Мне непонятна реакция чайника. Нравится ему это слово или нет? На чьей он стороне? Со мною он или с Петровичем?
– Длительный неплатёж, – говорит Петрович.
Холодным взглядом чайник окидывает меня и отстраняется. Если он не с Петровичем, то и не со мной. Висящее слово его не беспокоит. Ему наплевать на мои затруднения. Он и без меня проживёт.
– Когда заплатишь? – спрашивает Петрович.
– Понимаешь, – объясняю я, – меня не любит чайник.
– Кто? Это который вчера приходил? Чего это вы орали?
– Чайник, Петрович. Который вот он здесь стоит. Вот этот, латунный.
– А я думаю, чего они орут? Наверно, деньги завелись. Дай, думаю, зайду. Пора за квартиру платить.
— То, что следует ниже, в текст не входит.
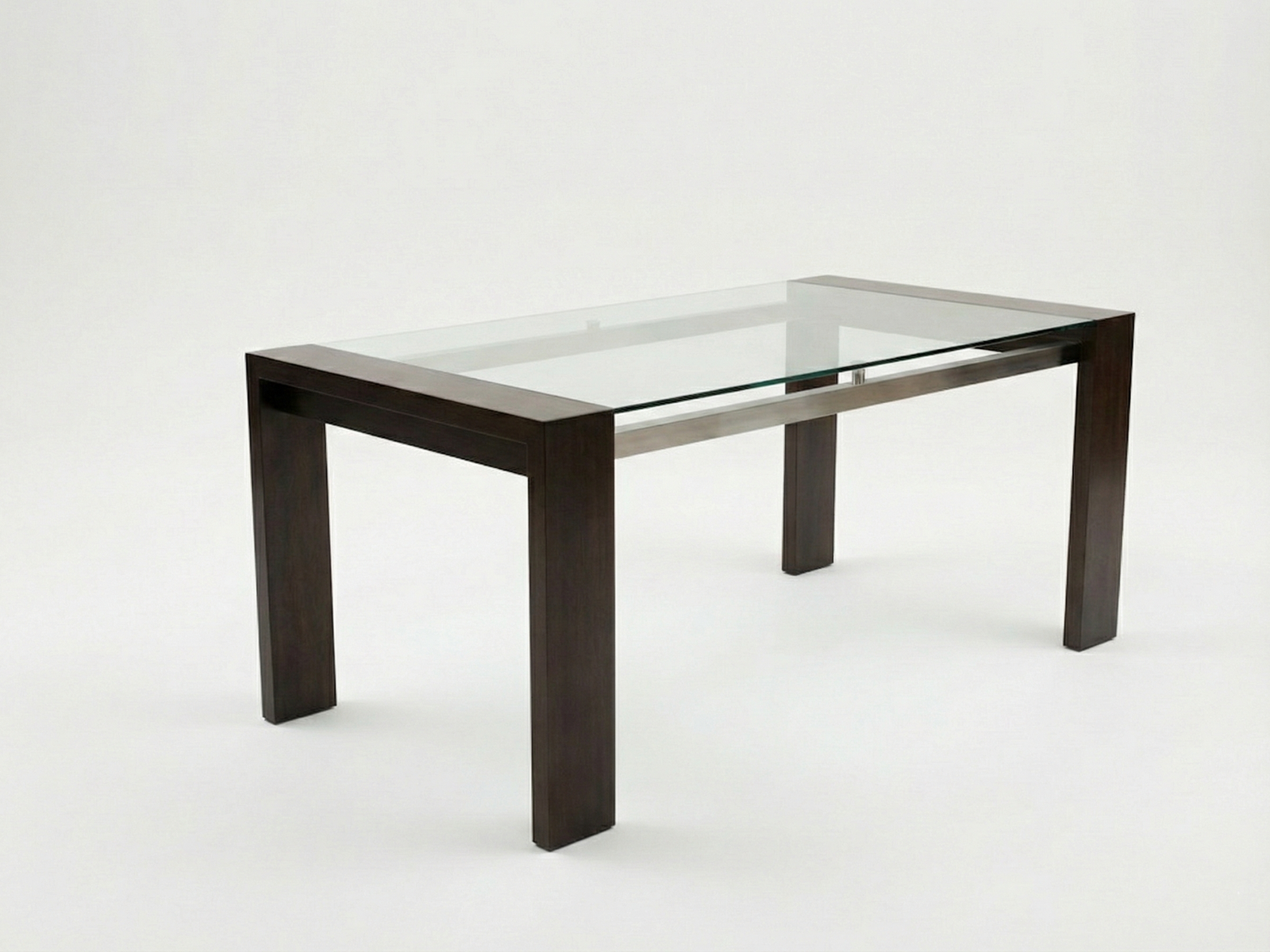 Side view of George GT with s/s box bar dining table with U-shaped panel legs combined with 2” x 2” stainless-steel box bar and with a 10mm clear glass top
– У меня с ним странные, очень напряжённые отношения, – жалуюсь я. – Он постоянно следит за мной, требует, чтобы я его беспрерывно кипятил. А я не могу, пойми! Есть же и другие дела.
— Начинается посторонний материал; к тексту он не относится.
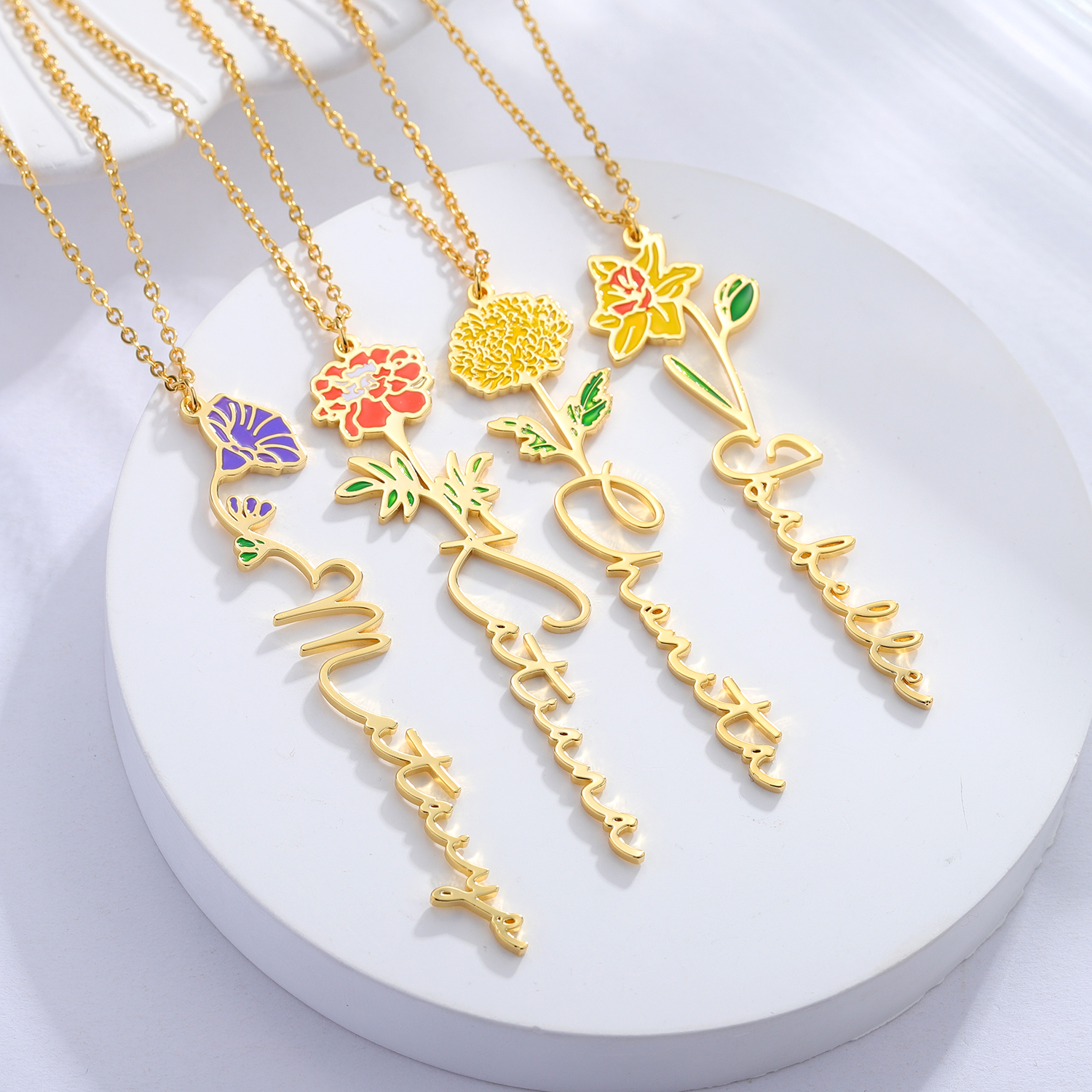 Personalized Name Necklace Wit - Birth Flower Necklace avis et prix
– И колбаса осталась, – удивляется Петрович, глядя на стол, не убранный с вечера. – До двух часов орали! Я уж думаю, как бы друг друга не зарезали.
Я включаю плитку, и чайник сразу начинает гнусавить.
– Вот слышишь? Слышишь? Погоди, ещё не то будет, – говорю я.
Петрович меня не слышит. Он слушает свой внутренний голос. А внутренний его голос говорит:
– Чего слушать? Надоело! Плати или съезжай!
Чайник отчего-то замолкает, бросает гнусавить и, тупо набычившись, прислушивается к нашему разговору.
У Петровича я снимаю угол, в котором несколько углов: угол, где я, угол, где краски, угол, где чайник, угол, где шкаф, а сейчас и Петрович со своим внутренним голосом, который легко становится внешним:
– На колбасу деньги есть! Колбаска, хлеб, культурное обслуживание, орут до четырёх утра! А нам преподносится неукоснительный неплатёж!
Почему молчит чайник? Делает вид, что даже и не слыхивал о кипенье.
– Молчит, – поясняю я Петровичу. – Нарочно молчит, затаился. И долго ещё будет молчать, такой уж характер.
– А то сделаем, как прошлый раз, – намекает Петрович.
Ну и выдержка у моего чайника! Плитка электрическая раскалилась, а он нарочно не кипит, сжимает зубы, терпит и слушает. Ни струечки пара не вырывается из его носа, ни шёпота, ни бульканья не доносится из-под крышки.
А в прошлый-то раз было сделано очень плохо. За длительный трёхмесячный неплатёж Петрович вынес мои холсты и рисунки во двор, построил из них шалашик и поджёг. Опалённый и осыпанный пеплом, метался я и не знал, что делать. Выход был один – Петровича убить.
– Слушай, что с твоим чайником? Чего он не кипит? – говорит Петрович.
Нервы у чайника натянуты до предела, он цедит сквозь носик тонкий, как укус осы, звук.